Instructions for the task: Repeat the data exactly. Pictures are not part of the copy.

Data below:
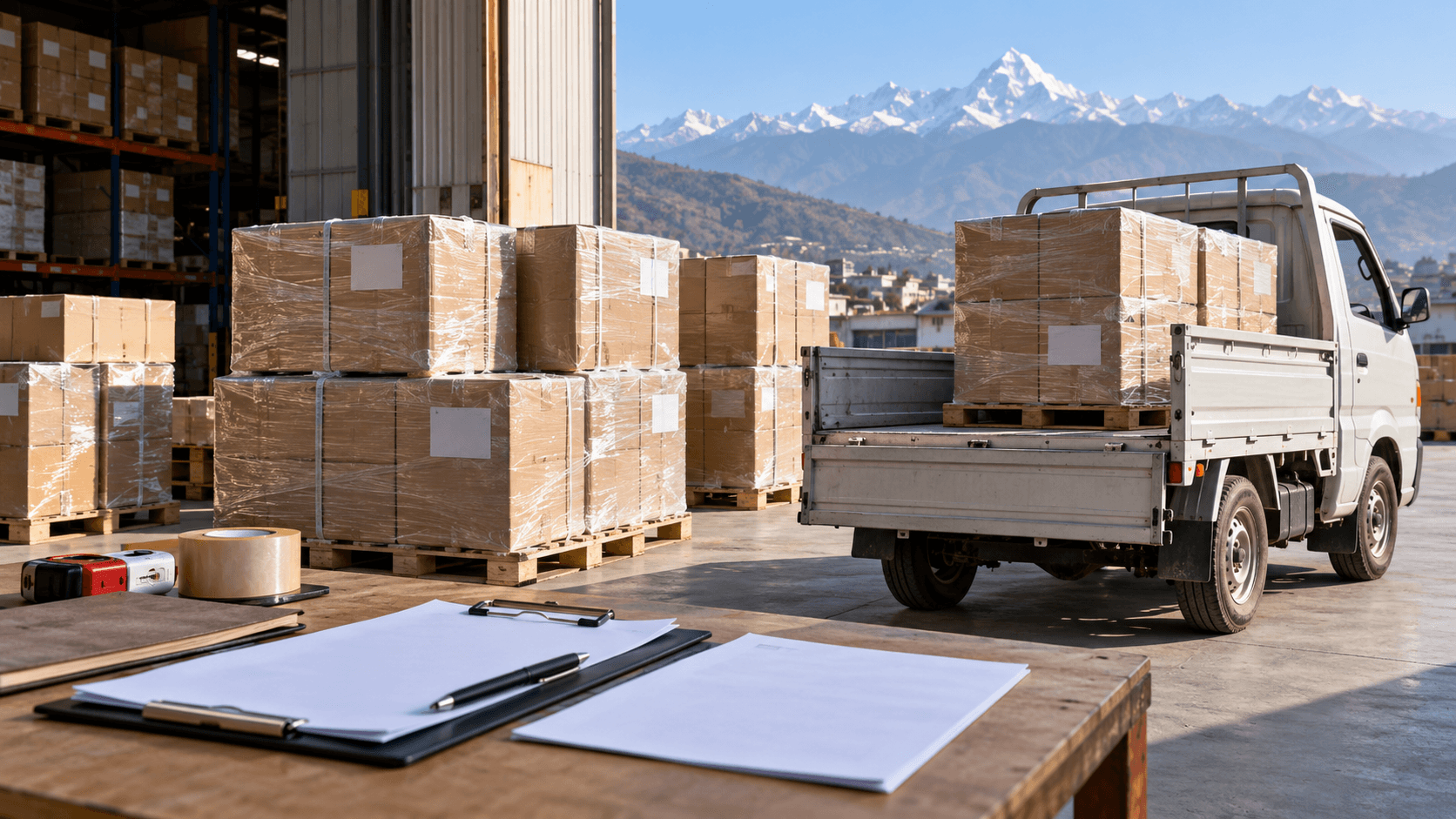 Packed export cartons and pickup vehicle beside collection paperwork at an origin warehouse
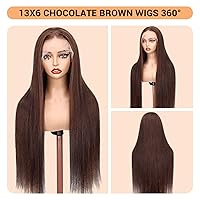 Vista 2 de Pelucas de cabello humano con encaje frontal de 13 x 6, densidad 200, pelucas de cabello humano lacio marrón chocolate con bebé alrededor de línea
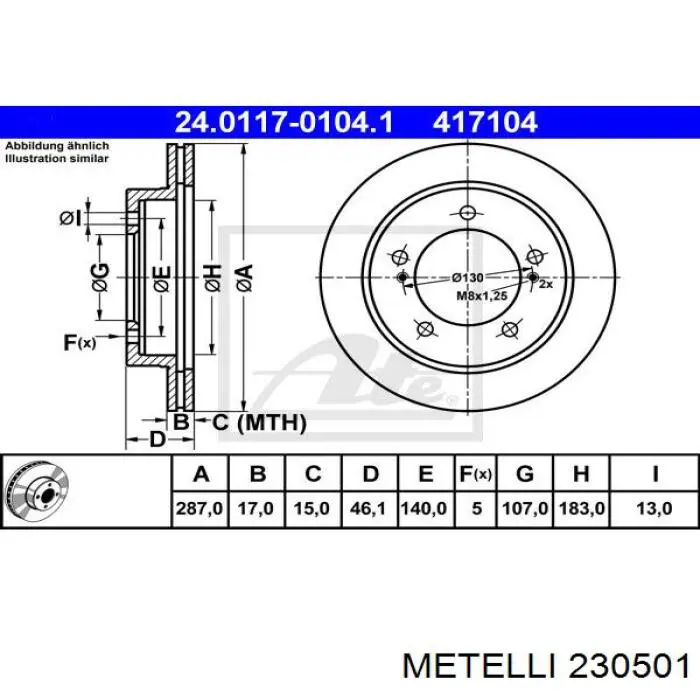 Диск переднього гальма Metelli 230501 ціна, від 26.75 USD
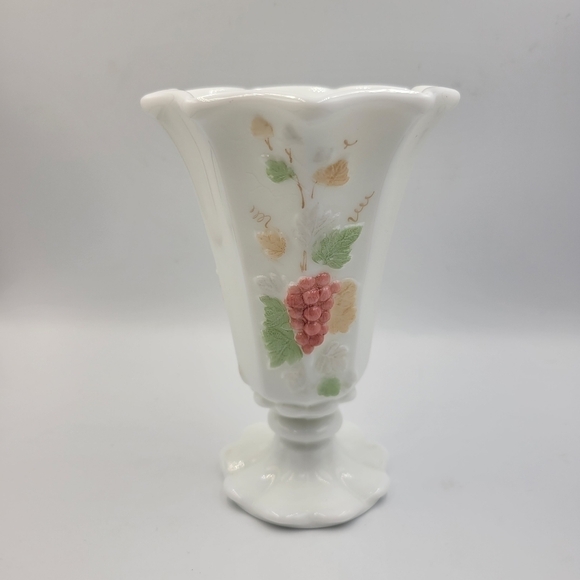 Westmoreland Milk Glass Hand Painted Grape Fluted Vase/ Vintage Milk Glass Vase - Picture 1 of 6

Expected output:
 Packed export cartons and pickup vehicle beside collection paperwork at an origin warehouse
 Vista 2 de Pelucas de cabello humano con encaje frontal de 13 x 6, densidad 200, pelucas de cabello humano lacio marrón chocolate con bebé alrededor de línea
 Диск переднього гальма Metelli 230501 ціна, від 26.75 USD
 Westmoreland Milk Glass Hand Painted Grape Fluted Vase/ Vintage Milk Glass Vase - Picture 1 of 6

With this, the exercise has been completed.